La présidente du tribunal a désigné M. Daguerre de Hureaux, vice-président, pour statuer sur les demandes de référé.


Considérant ce qui suit :

1. Aux termes de l’article L. 521-3 du code de justice administrative : « En cas d'urgence et sur simple requête qui sera recevable même en l'absence de décision administrative préalable, le juge des référés peut ordonner toutes autres mesures utiles sans faire obstacle à l'exécution d'aucune décision administrative ». Saisi sur le fondement de ces dispositions, le juge des référés peut prescrire, à des fins conservatoires ou à titre provisoire, toutes mesures que l’urgence justifie, notamment sous forme d’injonctions adressées à l’administration, à la condition que ces mesures soient utiles, ne se heurtent à aucune contestation sérieuse et ne fassent obstacle à l’exécution d’aucune décision administrative. Le juge des référés, saisi en application de l’article L. 521-3 du code de justice administrative pour prendre en cas d’urgence toute mesure utile, peut se prononcer sans tenir d’audience publique.

Sur la demande de mise hors de cause de l’ANTS :

2. Aux termes de l’article 2 du décret du 22 février 2007, qui porte création de l’ANTS : « (…) Sa mission exclut l’instruction des demandes et la délivrance des titres. ». Il y a lieu, par suite de mettre hors de cause l’ANTS.

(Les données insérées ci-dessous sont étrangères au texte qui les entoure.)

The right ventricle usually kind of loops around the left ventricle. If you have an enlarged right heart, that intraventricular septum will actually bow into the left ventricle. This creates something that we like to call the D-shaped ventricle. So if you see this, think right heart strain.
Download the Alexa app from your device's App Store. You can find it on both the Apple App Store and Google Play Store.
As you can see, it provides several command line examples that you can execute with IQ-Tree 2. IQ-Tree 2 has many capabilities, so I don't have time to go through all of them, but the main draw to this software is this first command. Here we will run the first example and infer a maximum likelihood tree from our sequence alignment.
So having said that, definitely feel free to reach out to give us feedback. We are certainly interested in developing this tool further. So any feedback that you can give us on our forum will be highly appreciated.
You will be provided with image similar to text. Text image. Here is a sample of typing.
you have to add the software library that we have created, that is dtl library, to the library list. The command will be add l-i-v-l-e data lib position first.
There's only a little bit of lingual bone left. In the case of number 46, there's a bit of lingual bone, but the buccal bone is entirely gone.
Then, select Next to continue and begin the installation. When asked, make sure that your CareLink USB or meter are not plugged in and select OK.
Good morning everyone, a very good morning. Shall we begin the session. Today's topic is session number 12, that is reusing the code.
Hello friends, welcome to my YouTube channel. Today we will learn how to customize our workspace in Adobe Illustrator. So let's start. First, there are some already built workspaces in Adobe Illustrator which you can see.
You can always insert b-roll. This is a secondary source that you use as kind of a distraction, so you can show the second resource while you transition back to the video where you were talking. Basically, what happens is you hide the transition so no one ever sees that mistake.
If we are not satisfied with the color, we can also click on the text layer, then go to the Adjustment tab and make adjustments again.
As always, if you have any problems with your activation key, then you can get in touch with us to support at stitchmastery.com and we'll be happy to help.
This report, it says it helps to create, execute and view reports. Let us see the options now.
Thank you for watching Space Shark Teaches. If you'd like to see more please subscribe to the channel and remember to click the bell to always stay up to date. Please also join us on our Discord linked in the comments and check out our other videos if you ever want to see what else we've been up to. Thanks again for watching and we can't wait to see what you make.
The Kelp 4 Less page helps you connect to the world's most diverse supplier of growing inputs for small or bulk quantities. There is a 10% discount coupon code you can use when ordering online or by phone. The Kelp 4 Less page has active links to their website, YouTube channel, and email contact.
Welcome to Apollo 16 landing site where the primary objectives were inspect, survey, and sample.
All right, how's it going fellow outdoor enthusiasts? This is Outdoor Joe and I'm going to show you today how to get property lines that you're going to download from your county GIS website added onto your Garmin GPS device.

Sur les autres conclusions :
3. Aux termes de l’article R. 322-1 du code de la route : « I. – Tout propriétaire d'un véhicule à moteur autre qu'un cyclomobile léger, d'une remorque dont le poids total autorisé en charge est supérieur à 500 kilogrammes ou d'une semi-remorque et qui souhaite le mettre en circulation pour la première fois doit faire une demande de certificat d'immatriculation en justifiant de son identité. (…) ». Aux termes de l’article R. 322-2 de ce code : « I.- Le certificat d'immatriculation est établi dans les conditions fixées par le ministre chargé des transports, après avis du ministre de l'intérieur, et expédié à l'adresse du demandeur. Ce certificat comporte un numéro d'immatriculation attribué à titre définitif au véhicule par un système informatique centralisé. Le certificat d'immatriculation peut comporter un coupon détachable. (…) » Aux termes de l’article R. 322-5 du même code : « I. – Le nouveau propriétaire d'un véhicule déjà immatriculé doit, s'il veut le maintenir en circulation, faire établir, dans un délai d'un mois à compter de la date de la cession, un certificat d'immatriculation à son nom dans les conditions prévues à l'article R. 322-1. / Cette demande est adressée au ministre de l'intérieur soit directement par voie électronique, soit par l'intermédiaire d'un professionnel de l'automobile habilité par le ministre de l'intérieur. (…) ».
4. Aux termes de l’article 12 de l’arrêté du 9 février 2009 en vigueur : « Cas particuliers. / Les formalités à accomplir pour obtenir l'immatriculation d'un véhicule précédemment immatriculé sont définies à l'article 1er sauf pour les cas particuliers suivants : / 12.A. - Véhicule tombé dans une succession / Pour obtenir l'immatriculation du véhicule à son nom, l'héritier ou l'un des héritiers doit pouvoir mettre à disposition, à la demande du ministère de l'intérieur, les pièces suivantes : / -une demande de certificat d'immatriculation, / -les justificatifs d'identité et d'adresse, / -le justificatif d'assurance du véhicule, / -le justificatif de permis de conduire lorsque la demande concerne une personne physique, / -le certificat d'immatriculation précédent, / -une pièce justifiant de la qualité d'héritier détaillée en annexe I du présent arrêté, / -en cas de cohéritiers, une lettre de désistement de tous les autres héritiers en faveur de celui qui demande l'immatriculation du véhicule ou un certificat du notaire constatant leur accord pour attribuer le véhicule à l'un d'entre eux. / Avant toute revente à un tiers, un véhicule tombé dans une succession doit être immatriculé au nom de l'héritier ou de l'un des héritiers sauf si cette revente intervient dans un délai n'excédant pas trois mois suivant le décès du titulaire du certificat d'immatriculation ou sauf si, depuis le décès du titulaire, le véhicule n'a pas circulé sur les voies ouvertes à la circulation publique. Dans ce dernier cas, l'acquéreur devra pouvoir mettre à disposition à l'appui de sa demande d'immatriculation en sus des pièces visées ci- dessus : / a) Un certificat de cession CERFA, référencé en annexe 14 du présent arrêté, signé par le ou les héritiers ; / b) Le précédent certificat d'immatriculation revêtu de la mention : Vendu le ... , et signée par le ou l'un des héritiers ; / c) Une attestation sur l'honneur de l'héritier qui avait la garde juridique du véhicule certifiant que ce dernier n'a pas circulé depuis le décès du titulaire du certificat d'immatriculation ; / d) La preuve d'un contrôle technique. (…) »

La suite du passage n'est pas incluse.